Кажется, трудно придумать более наглядную и убедительную иллюстрацию тезиса о том, что в нашем сознании присутствуют абстрактные грамматические структуры, извлеченные из и отвлеченные от конкретных употреблений, чем знаменитый пример Л. В. Щербы — «предложение», построенное согласно морфологическим и синтаксическим правилам русского языка, но при этом целиком составленное из несуществующих слов: Глокая куздра штеко будланула бокра[83]. Несмотря на то, что нам заведомо незнакомы составляющие эту фразу «слова» и их предметное значение, говорящие по-русски не испытывают никаких затруднений в определении грамматических форм и синтаксической роли этих псевдослов и оказываются в состоянии представить себе общие смысловые параметры высказывания, вытекающие из его грамматической структуры. Мы понимаем, что ’глокая куздра’ означает субъект женского рода, по-видимому, одушевленный, с неким атрибутом; ’будланула’ — глагол, передающий однократное и интенсивное действие в прошедшем времени; ’штеко’ — квалифицирующее наречие, относящееся к характеристике этого действия; ’бокр’ — объект мужского рода, одушевленный, на который действие направлено. Все это так; вопрос лишь в том, откуда, на какой основе, возникает это наше понимание?

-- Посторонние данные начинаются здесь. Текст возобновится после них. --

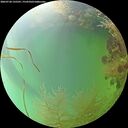 ./images/calvert/underwater/20260728/underwater20260728_135501M.jpg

Когда я представляю себе выражение ’глокая куздра… будланула’, в моем сознании возникает не чисто грамматическая, абстрактная идея об одушевленном субъекте женского рода, совершившем некое однократное действие, но более конкретизированный и осязаемый, жанрово и тематически окрашенный образ. Форма ’будланула’ вызывает непосредственную ассоциацию с такими известными мне словоформами (и потенциальными выражениями, в состав которых эти словоформы входят в моем опыте), как ’толканула’, ’шуганула’, ’долбанула’, ’звезданула’, ’гвозданула’, ’пизданула’. Это поле ассоциаций проецирует совокупный образ резкого и стремительного физического действия, агрессивного либо грубовато-фамильярного по своему характеру. Стилистически этот образ проецируется в сферу грубовато-простонародного дискурса, скорее всего в его стилизованной препарации — интеллигентски-разговорной либо литературной. В сознании возникает собирательный образ литературных сценок «из народной жизни» (скорее всего с несколько архаическим оттенком, то есть относящихся к прошлому или первой половине этого века), либо фольклорно-сказочного или басенного повествования о животных. Вспоминается строка из Крылова: «Мартышка, в зеркале увидя образ свой. Тихохонько медведя толк ногой» (’толк’ и по физическому характеру действия, и по стилистике тесно ассоциируется с ’толканула/будланула’, что и делает возможной такую реминисценцию). «Вспоминаются» также бесчисленные ситуации из бесчисленных повестей из народного быта: «„Вот я вас ужо шугану, пострелы окаянные“, — с притворной свирепостью крикнула Дарья, угрожающе замахиваясь шумовкой»; «Маркел полез было к Маньке, но та так его толканула, что мужик, хохоча, кубарем скатился с копны», и т. п. И хотя ни одного точного источника и точной цитаты я сейчас не могу назвать, в памяти всплывают типовые ситуации: посиделки, детские шалости, борьба с вышедшим из-под контроля домашним животным, — и целые поля соответствующих им выражений, образов, сюжетов.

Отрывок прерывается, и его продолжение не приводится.